ONLINE POST in ENGLISH, commissioned | AMP Student 2016;16
The acquisition of skills in medicine is a dynamic concept and, as such, permanently changing. Skills are acquired, improved and maintained by specific training, to ensure the best quality of the delivered care. Provide the best training and most constructive learning experience has always been a concern of educators, decision makers, and society. Yet, pressures arising from the limited receptivity of patients to be involved in training, cost cutting, limited instruction time, increasingly complex technical procedures, and ethical issues have placed unprecedented constraints on training, making systematic training in real settings unattainable.
Literature suggests that undergraduate clinical teaching is inadequate in terms of consistency of skills taught to medical students and competencies achieved. There is evidence of a mismatch between skills taught and those necessarily required for practice and of students’ dissatisfaction with their training. Several reasons can be pointed to justify medical students suboptimal training, such as lack of practical experience in medical school, curricular deficiencies, differences in teaching quality and/or quantity for students at different teaching sites, lack of confidence rather than competence, and poor coordination of undergraduate and early postgraduate training phases.

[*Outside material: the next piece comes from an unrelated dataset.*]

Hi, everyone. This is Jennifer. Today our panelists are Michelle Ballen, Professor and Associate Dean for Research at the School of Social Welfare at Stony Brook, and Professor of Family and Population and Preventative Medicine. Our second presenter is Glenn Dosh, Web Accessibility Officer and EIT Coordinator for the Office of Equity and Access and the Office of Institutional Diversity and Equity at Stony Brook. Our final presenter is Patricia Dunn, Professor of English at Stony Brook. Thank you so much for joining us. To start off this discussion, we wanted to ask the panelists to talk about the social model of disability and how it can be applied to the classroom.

Simulation based medical education (SBME) can provide a supportive educational environment, allowing users to practice and develop skills without any discomfort or risk to real patients. It encourages the acquisition of skills through experience, ideally in a realistic situation or environment, and can stimulate reflection on performance. As opposed to the clinical setting, where errors must be prevented or repaired immediately to protect the patient, in a simulated environment errors may be allowed to progress, so as to demonstrate their implications to the trainee, or to enable a quick reaction to rectify them.

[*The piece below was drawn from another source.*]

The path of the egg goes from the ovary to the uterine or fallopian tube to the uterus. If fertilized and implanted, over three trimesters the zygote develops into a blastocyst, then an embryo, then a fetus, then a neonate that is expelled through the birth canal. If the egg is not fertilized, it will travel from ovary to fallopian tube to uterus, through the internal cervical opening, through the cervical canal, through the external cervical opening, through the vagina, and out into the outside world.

SBME is an effective education complement for medical training, both at undergraduate and postgraduate level, which enables knowledge, skills and attitudes to be acquired in a safe, educationally orientated and efficient manner. In this context, simulation provides skills and experience that facilitate the transfer of cognitive, psychomotor and proper communication capacity, thus helping to improve behavior.

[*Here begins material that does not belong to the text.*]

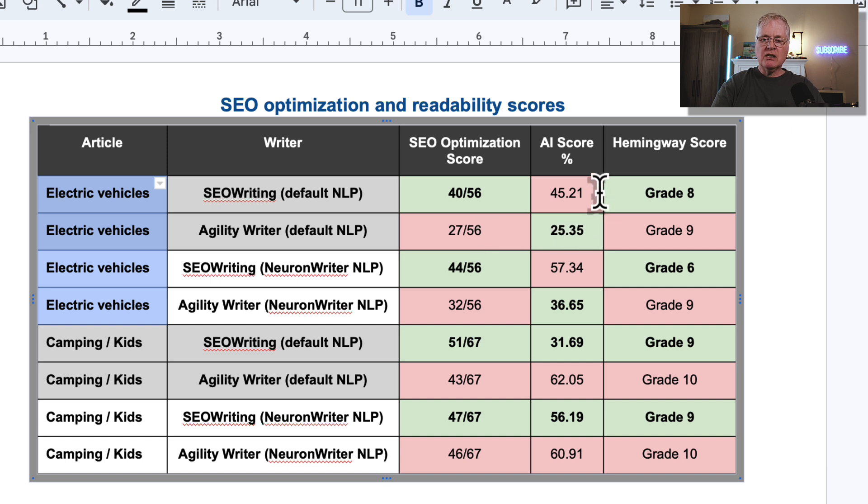When I looked at the ZeroGPT AI scores, SEOwriting with default NLP was 45.21% likely to be AI, and AgilityWriter performed much better. Anything highlighted in green means that tool won that category. For the Hemingway score, SEOwriting did a better job — I asked both tools to write at a grade 8 or 9 level. SEOwriting wrote at grade 8, AgilityWriter wrote at grade 9.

The model for medical education is clearly changing from a teacher centred, apprenticeship model to one that incorporates simulation as a complement to clinical exposure, in a framework that incorporates mastery learning, reflective and deliberate practice to achieve the expected competencies. In fact, experiential skills-based teaching is the common pathway that converts knowledge and attitudes into behaviour and action.
The model “See one, do one, teach one” has reached to an end. The predominantly observational and patient-dependent training unables repetition and standardization, and no longer meets the current needs and challenges of medical education. Simulation based medical education will not substitute the traditional learning or patient encounters. Instead, will complement the traditional curriculum, providing additional steps on clinical skills development and competencies proficiency, with a transferability of skills to clinical practice.
A new model is emerging: “See one, simulate many, do one competently, and teach everyone”!